Search engine core theoretical ideas

Disclaimer: This article is a blogger original article, shall not be reproduced without the bloggers allowed. https://blog.csdn.net/qq32933432/article/details/90812594

Why do we need search engine

Precise query the database for structured data, not suitable for semi-structured, unstructured data and flexible fuzzy search queries (especially when large volumes of data), can not provide real-time you want.

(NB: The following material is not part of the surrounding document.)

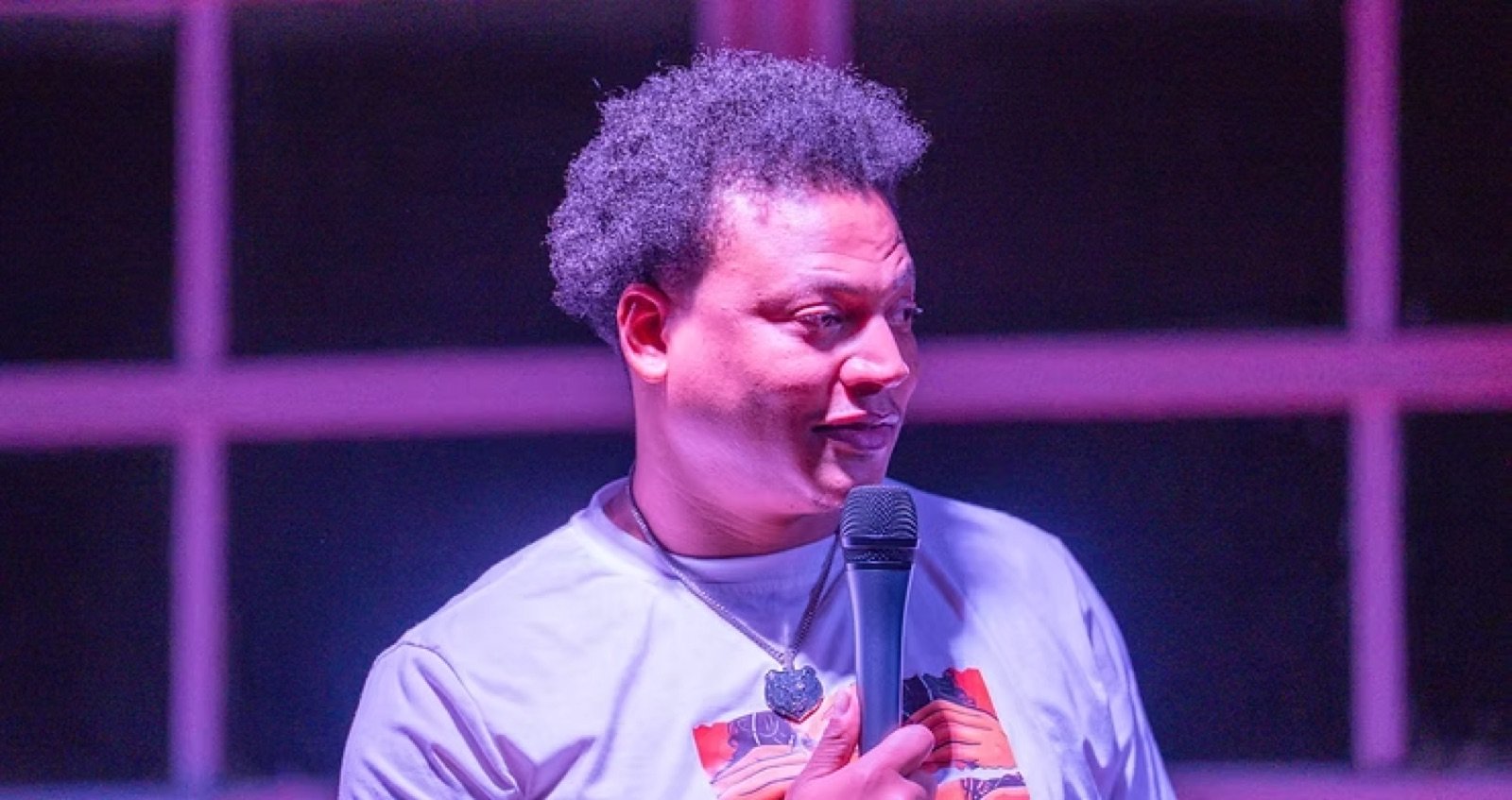 Comedian in purple stage lighting holding a microphone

Structured data: data represented by tables, fields,
semi-structured data: XML HTML
unstructured data: text, documents, images, audio, video, etc.

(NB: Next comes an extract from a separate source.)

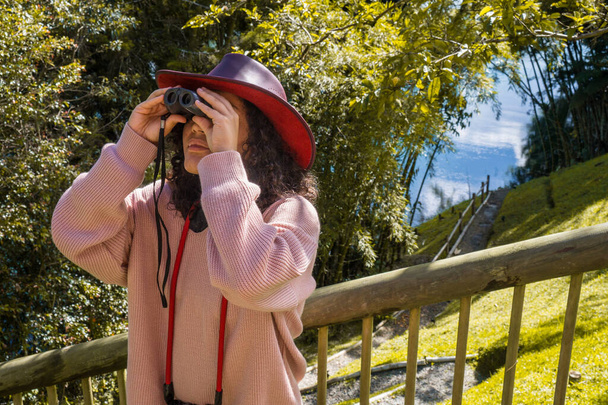 Mujer joven con pelo rizado y sombrero observando pájaros con prismáticos - Foto, imagen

What is a reverse index (inverted index)

To understand how search engines you need to first understand what is a reverse index (or called inverted index). Reverse index is different from the forward index.
Question : for example, when we query "Cang teacher," want to get a list of headlines or content with "Cang teacher", how do we quickly find it?
Answer : We need an index, the index can find out the corresponding article ID based on keywords. Structure looks like this
Here Insert Picture Description
and this is the inverted index, which is the core idea of the search engines. So how search engines know what each article which contains keywords it?

Word parse

How search engines know which keywords per article which contains it?
For the English, it is very simple, because the characteristics of English articles that have spaces between words. For example, the English sentence

Zhang SAN said is right 		//张三说得对 

We can easily split into the following terms

  1. Zhang
  2. SAN
  3. said
  4. is
  5. right

For Chinese

张三说的确实在理

Although we know how to dismantle, but for the computer, he does not know how to get demolished, this time need to elicit a component called Chinese tokenizer
content is actually Chinese word breaker is a thesaurus Him record might look
to see up this word breaker will be great, in fact, not entirely, all of the commonly used Chinese words will then hundreds of thousands, corresponding to the system, this is a very fast speed
Here Insert Picture Description
and the computer on match will take the first word to the match, here is Zhang , then get the following result
Here Insert Picture Description
this time let's use the second word to match, here three , then get the following result
Here Insert Picture Description
shouting match third word go, here said , but no thesaurus and Joe Smith say the word, so the system will Joe Smith split into a word. The system will record the number of times the word appears in Joe Smith this article (here a) and ID to appear and this article. Similar structure
Here Insert Picture Description
times here can be used for rankings, ID which is used to quickly find the article, then the position of appearing to doing it? This fact is highlighted for similar Baidu this function.
Here Insert Picture Description
Now, we know how the system to an article split into multiple words. So the above example, we search toothpaste , you will find many articles contained in the whole network toothpaste articles or Web pages, search engines these articles is how to sort it?

Weight calculation model

可以看的出来,对于百度这种,网页的排序会是一个非常巨大的利益链。就比如牙膏厂可能会在百度做广告,在你搜索牙膏的时候出现这家厂商。而本文对于这种广告部分不予讨论,而只讨论不考虑广告搜索引擎是如何排序的。
权重:排序就会涉及到一个专业词汇,就是权重,也就是说这个词在这篇文章里面出现的重要程度,一般来说权重越高,应该排名越靠前。那么权重怎么计算呢?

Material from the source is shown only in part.